Reputation: 5637
I have the following recursive function in PostgreSQL. but I wonder how it works
Can anyone help me explain this?
CREATE OR REPLACE FUNCTION build_hierarchey(location_id int) RETURNS SETOF jsonb
AS $BODY$
BEGIN
RETURN QUERY
SELECT
CASE WHEN COUNT(x) > 0
THEN ((to_jsonb(t) || jsonb_build_object('Children', jsonb_agg(f.x)))
ELSE to_jsonb(t)
END
FROM "Locations" t
LEFT JOIN build_hierarchey(t."Id") AS f(x) ON true
WHERE t."ParentLocationId" = location_id OR (location_id IS null AND t."ParentLocationId" IS null)

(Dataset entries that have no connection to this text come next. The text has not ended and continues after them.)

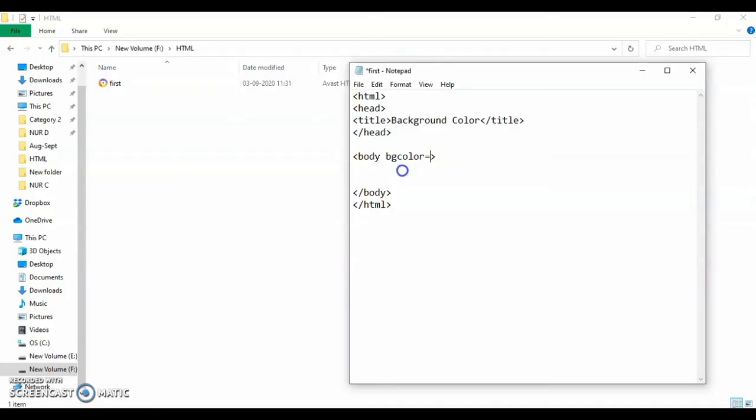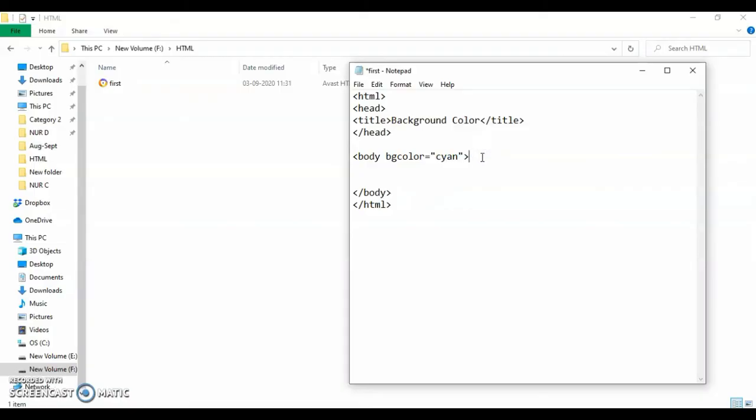Whatever color that you want to give, you can give inside this. You can give RGB values also, and you can give hexadecimal colors as well. So let's see if I do this and save it, how does this appear.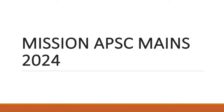Hello everyone, welcome back to our channel Lewitt's Academy. Today we are going to discuss a new initiative that we have taken — Mission APSC Mains 2024. Here we will teach you about the accelerating strategies of Mains 2024 and other important tips. You can also go through our interview guidance series uploaded in our channel; the link is given in the description.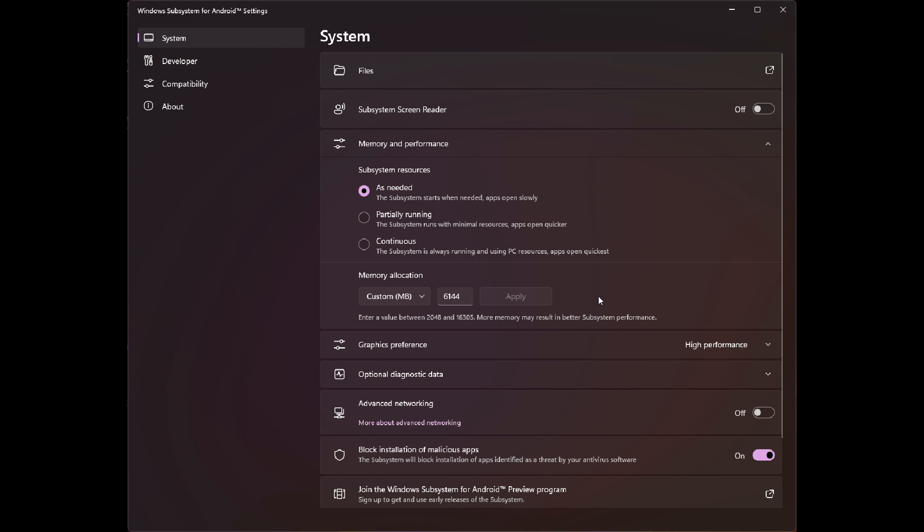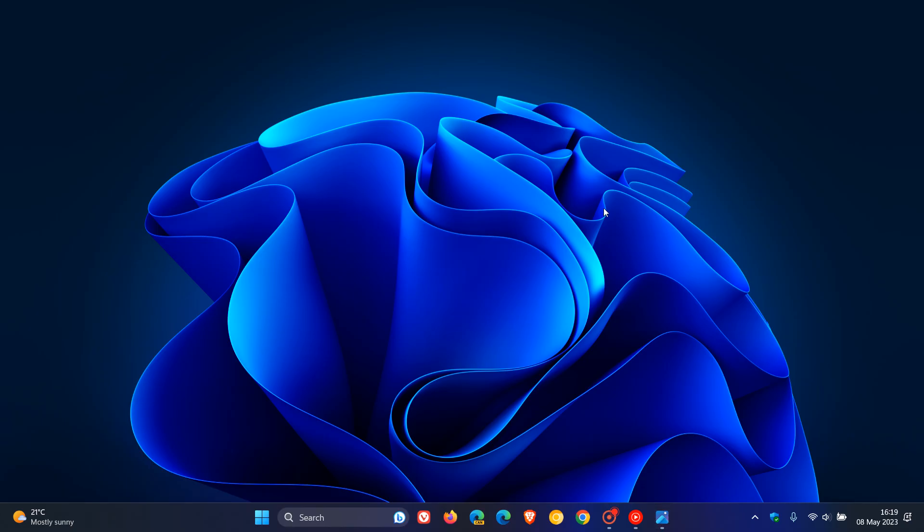This will be found, just to give you a wider view, on the Windows Subsystem for Android settings page. Here we can see, once again, you can allocate a custom amount of RAM by clicking on the settings available and customizing that to your own personal choice and preference, which will bring a nice performance boost. I think this is a nice move in the right direction.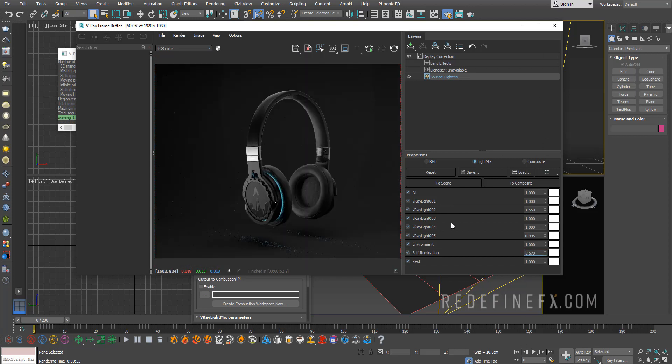So this is actually pretty amazing because up until now, you would have to make a separate new rendering every time you'd want to adjust the intensity of these lights. And now you can just do it straight from here.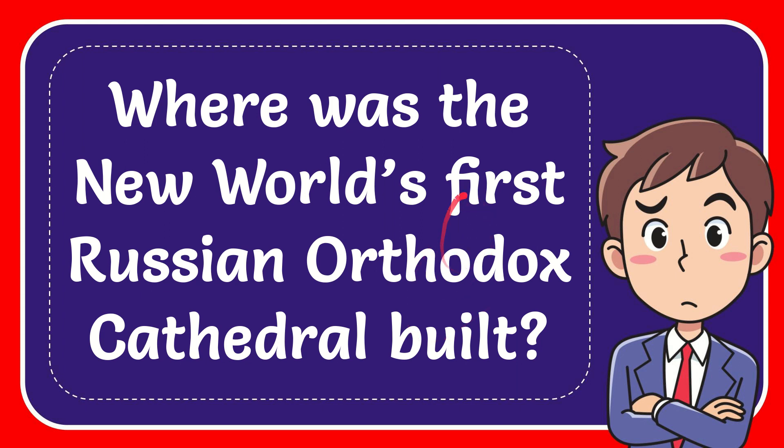In this video, I'm going to give you the answer for this question. The question is, where was the New World's first Russian Orthodox cathedral built?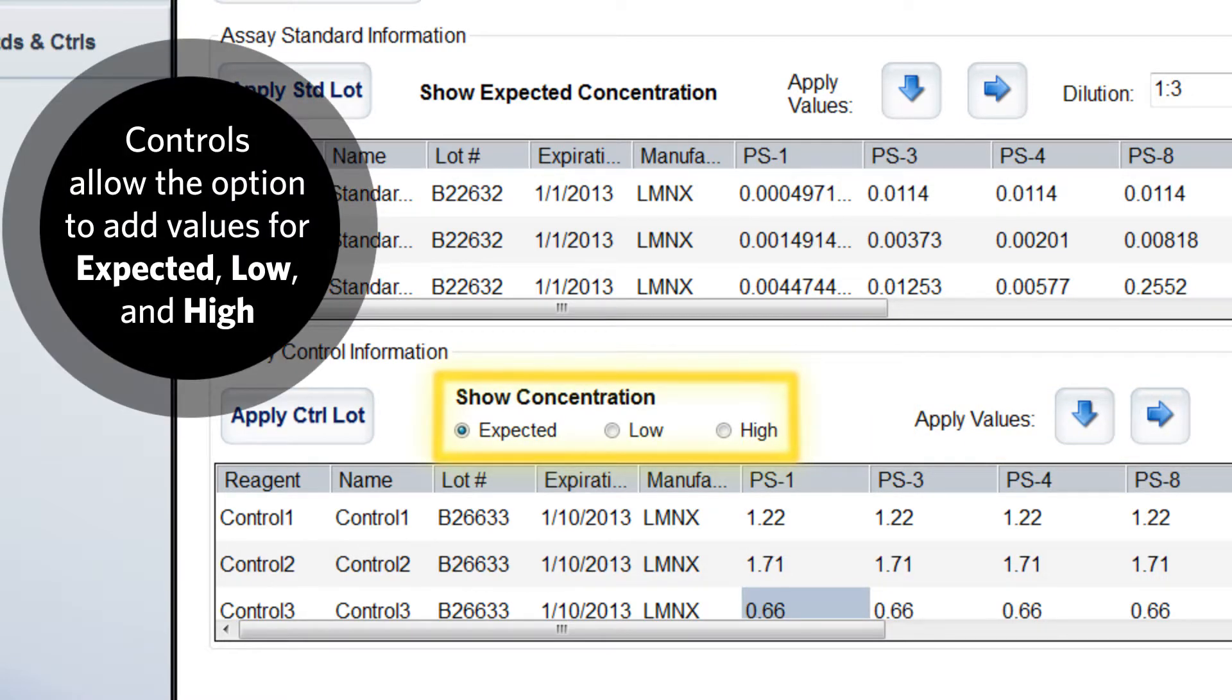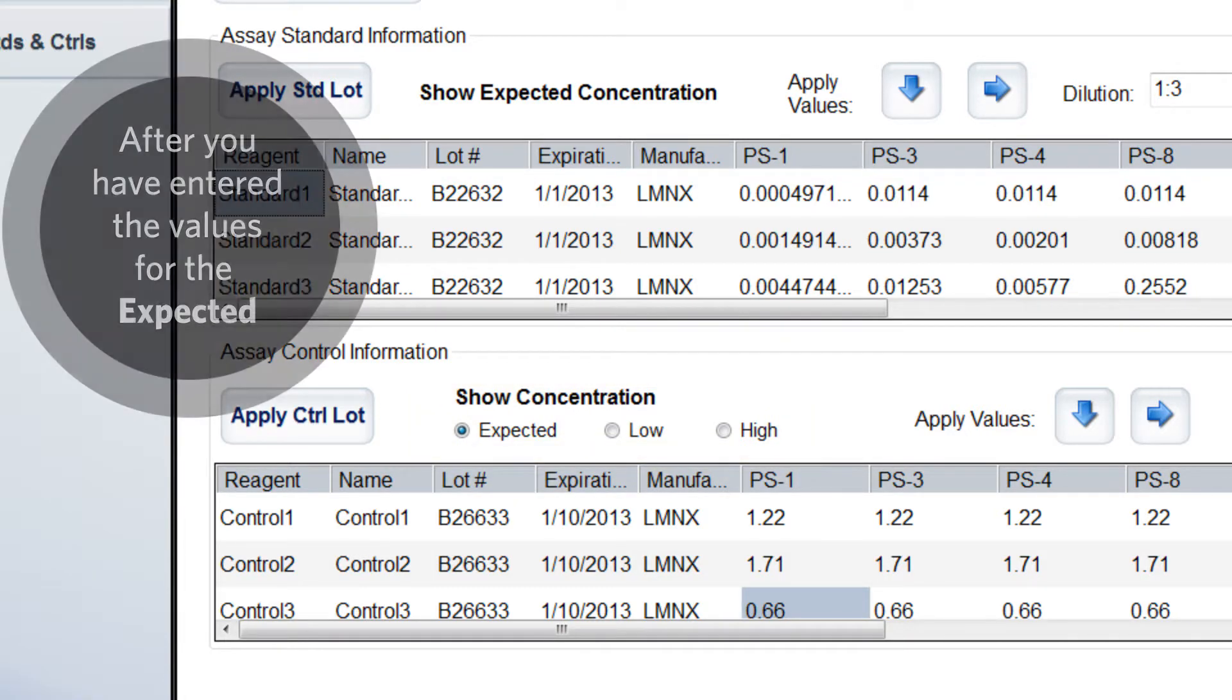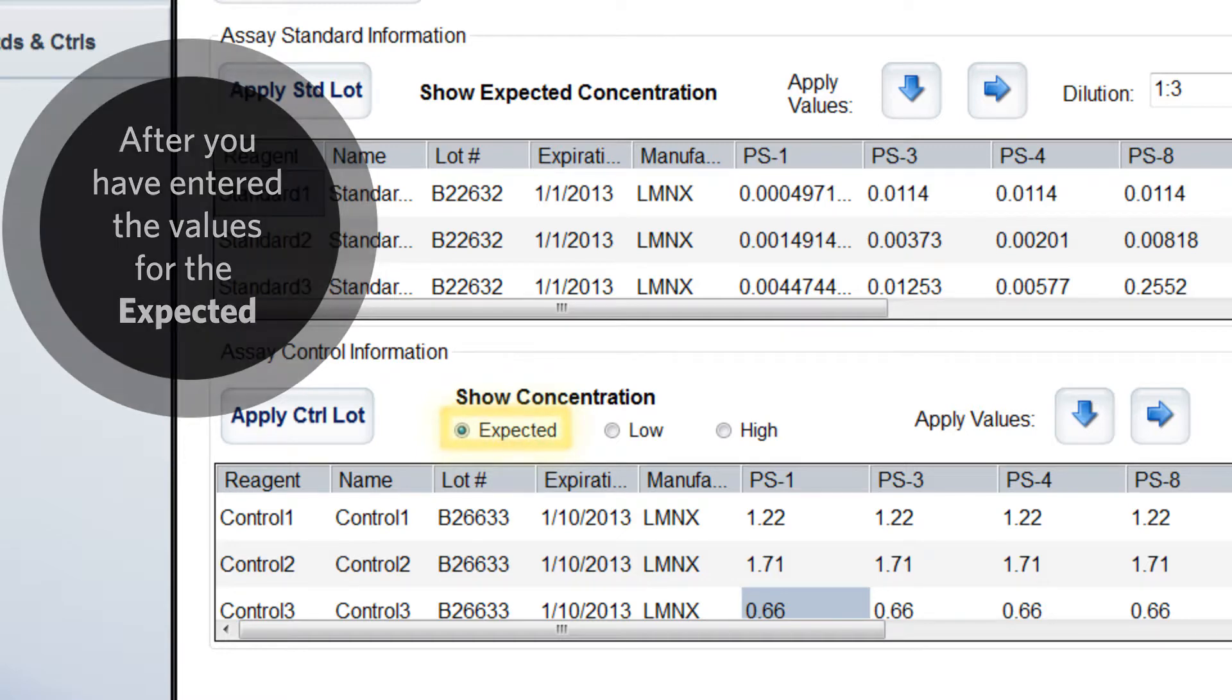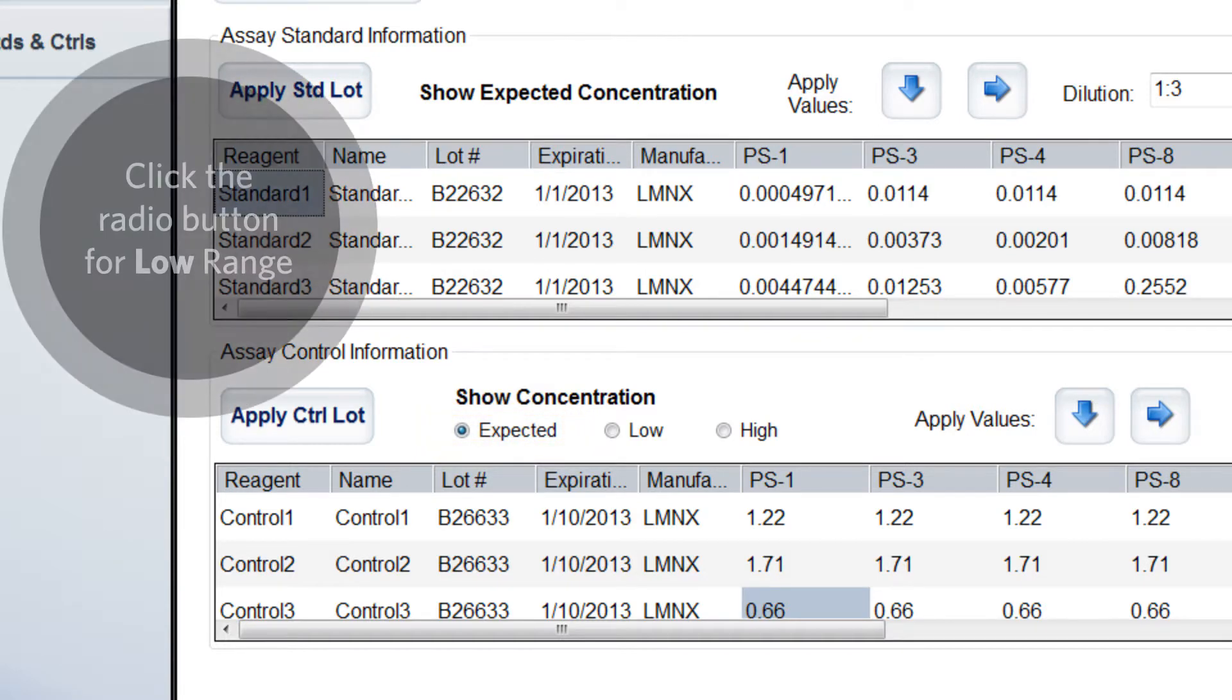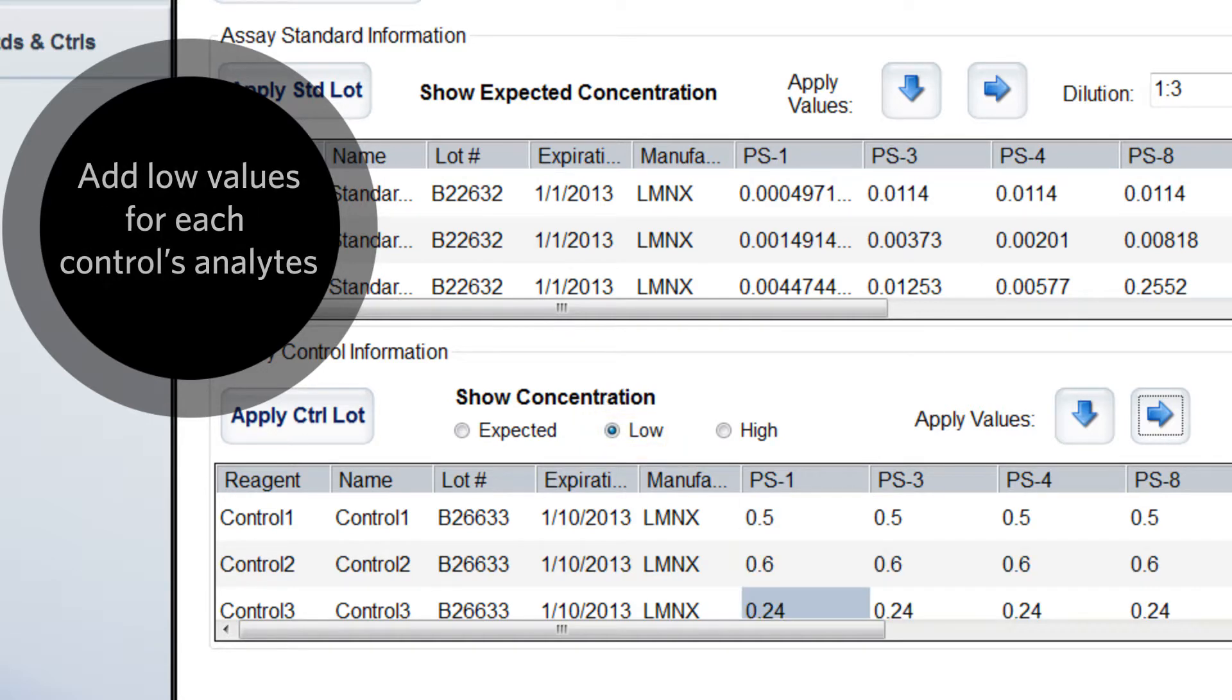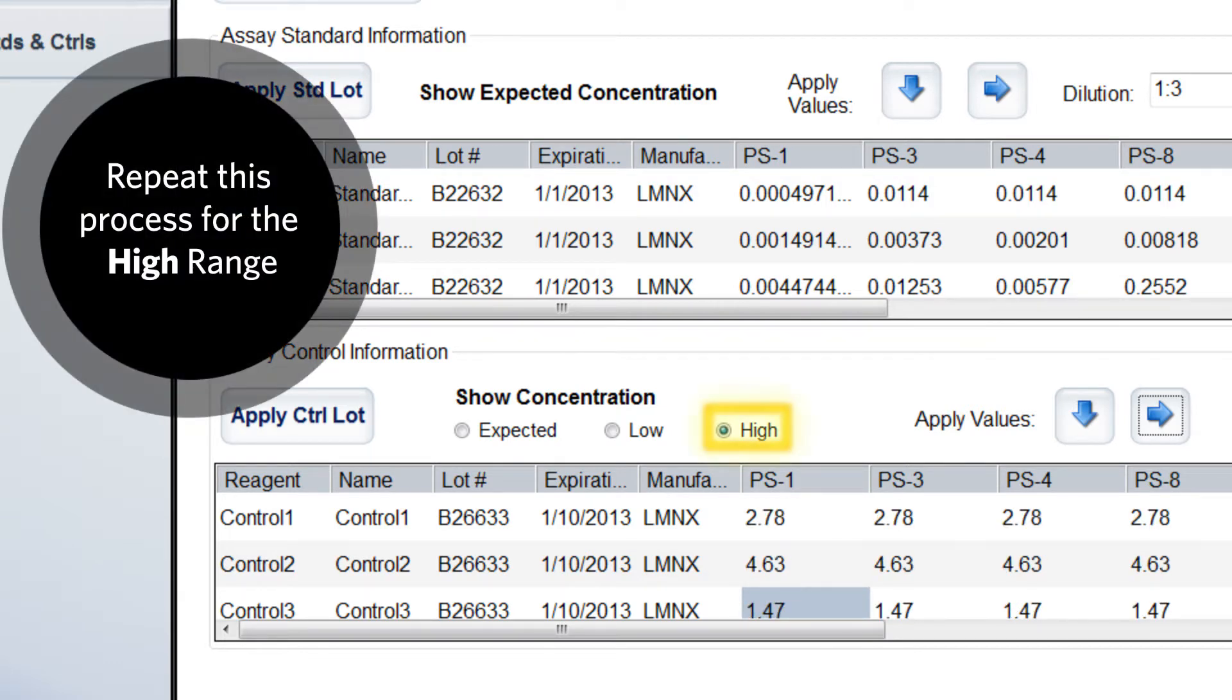Enter values for expected, low, and high. For example, after you have entered the values for the expected range, click the radio button for low range and add the low values for each control's analytes. Repeat this process for the high range.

GROUP BY t."Id", t."Name";
END;
$BODY$ LANGUAGE 'plpgsql'
this is how I use it.
select jsonb_agg(build_hierarchey) from build_hierarchey(null::int)
Result in json (hirarchey)
[
{
"Id": 11,
"Name": "Zone-C",
"Children": [
{
"Id": 23,
"Name": "01-C",
"CategoryId": null
},
{
"Id": 20,
"Name": "01-A",
"CategoryId": null
}
],
"CategoryId": null
},
{
"Id": 19,
"Name": "Zone-K",
"CategoryId": null
},
{
"Id": 1,
"Name": "ccc",
"Children": [
{
"Id": 3,
"Name": "01-A",
"CategoryId": null
},
{
"Id": 5,
"Name": "01-C",
"Children": [
{
"Id": 8,
"Name": "01-C-03",
"CategoryId": null
},
{
"Id": 7,
"Name": "01-C-02",
"CategoryId": null
},
{
"Id": 6,
"Name": "01-C-01",
"CategoryId": null
}
],
"CategoryId": null
},
{
"Id": 4,
"Name": "01-B",
"CategoryId": null
}
],
"CategoryId": null
},
{
"Id": 18,
"Name": "Zone-J",
"CategoryId": null
},
{
"Id": 2,
"Name": "Zone-B",
"Children": [
{
"Id": 10,
"Name": "02-A",
"CategoryId": null
},
{
"Id": 9,
"Name": "01-A",
"CategoryId": null
}
],
"CategoryId": null
},
{
"Id": 16,
"Name": "Zone-H",
"CategoryId": null
},
{
"Id": 15,
"Name": "Zone-G",
"CategoryId": null
},
{
"Id": 14,
"Name": "Zone-F",
"CategoryId": null
},
{
"Id": 17,
"Name": "Zone-I",
"CategoryId": null
},
{
"Id": 22,
"Name": "Zone-AA",
"CategoryId": null
}
]
Here is the "Locations" table. (self-referencing)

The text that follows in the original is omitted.